While the court is displeased that an attorney in this case has violated his duty of candor, and after reviewing the documents attached to the declarations, has a good idea of which attorney violated the duty, in the interests of concluding this matter the court will not issue an order to show cause. This does not imply that the transgression is taken lightly. It is not. Counsel will be reminded of the potential consequences of either intentionally providing false information to the court, or, failing to correct false information that was unintentionally provided.

The court has reviewed the proposed order submitted by Plaintiffs and it does not comply with what was agreed to. For example, paragraph 3 of the proposed order states: “That Defendant’s counsel, Erick Woosley, adequately advise Joyce Lynn Blocker dismiss any and all claims against Valerie Silguero for elder abuse and/or battery that are currently pending . . ..” Advice of counsel is not what was agreed to.

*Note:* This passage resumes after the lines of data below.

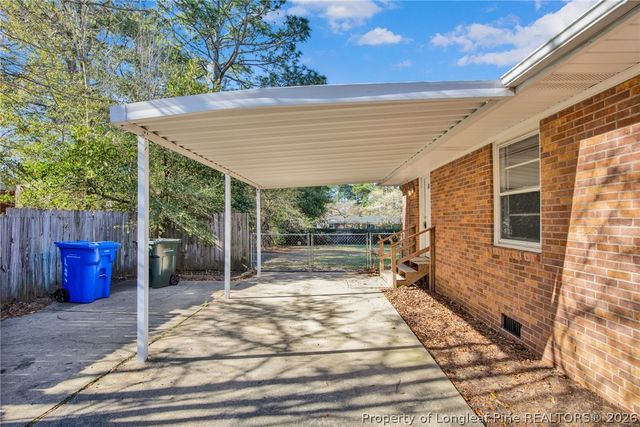 1910 Stockton Drive, Fayetteville, NC 28304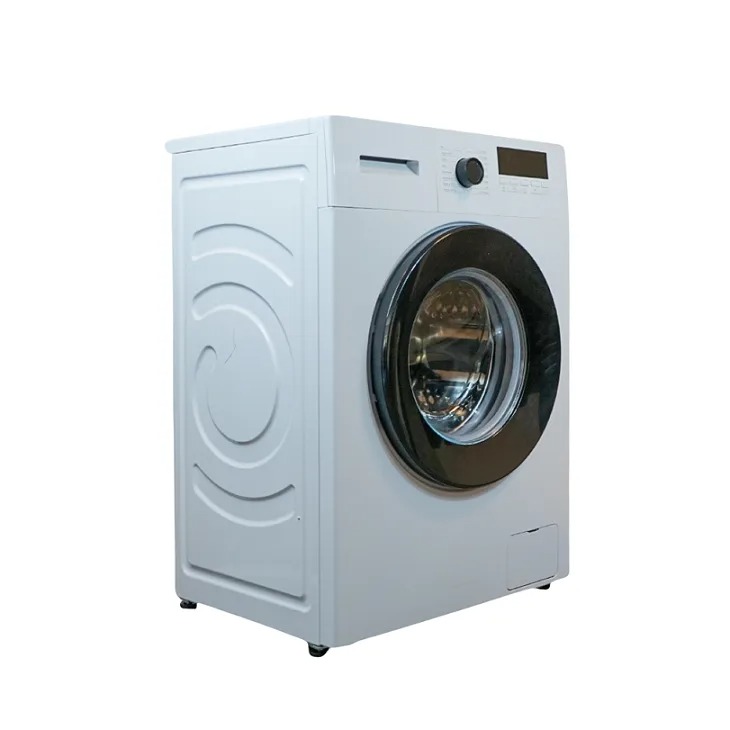 LAVARROPA ENOVA LE08F10-BL-L CARGA FRONTAL 8 KG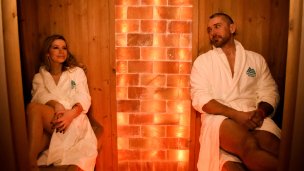 Demänová Rezort Liptovský Mikuláš 3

What was agreed to is: “Joyce Blocker shall notify the District Attorney that she is dropping her Elder Abuse Restraining Order against Valerie Silguero.” The agreement is straight-forward, and the judgment shall simply state what was agreed to with no more and no less.

Plaintiffs’ counsel will be ordered to prepare an order that conforms to the actual agreement recited in open court, and including the deadlines noted above. No additional fees or costs will be awarded against or in favor of any party.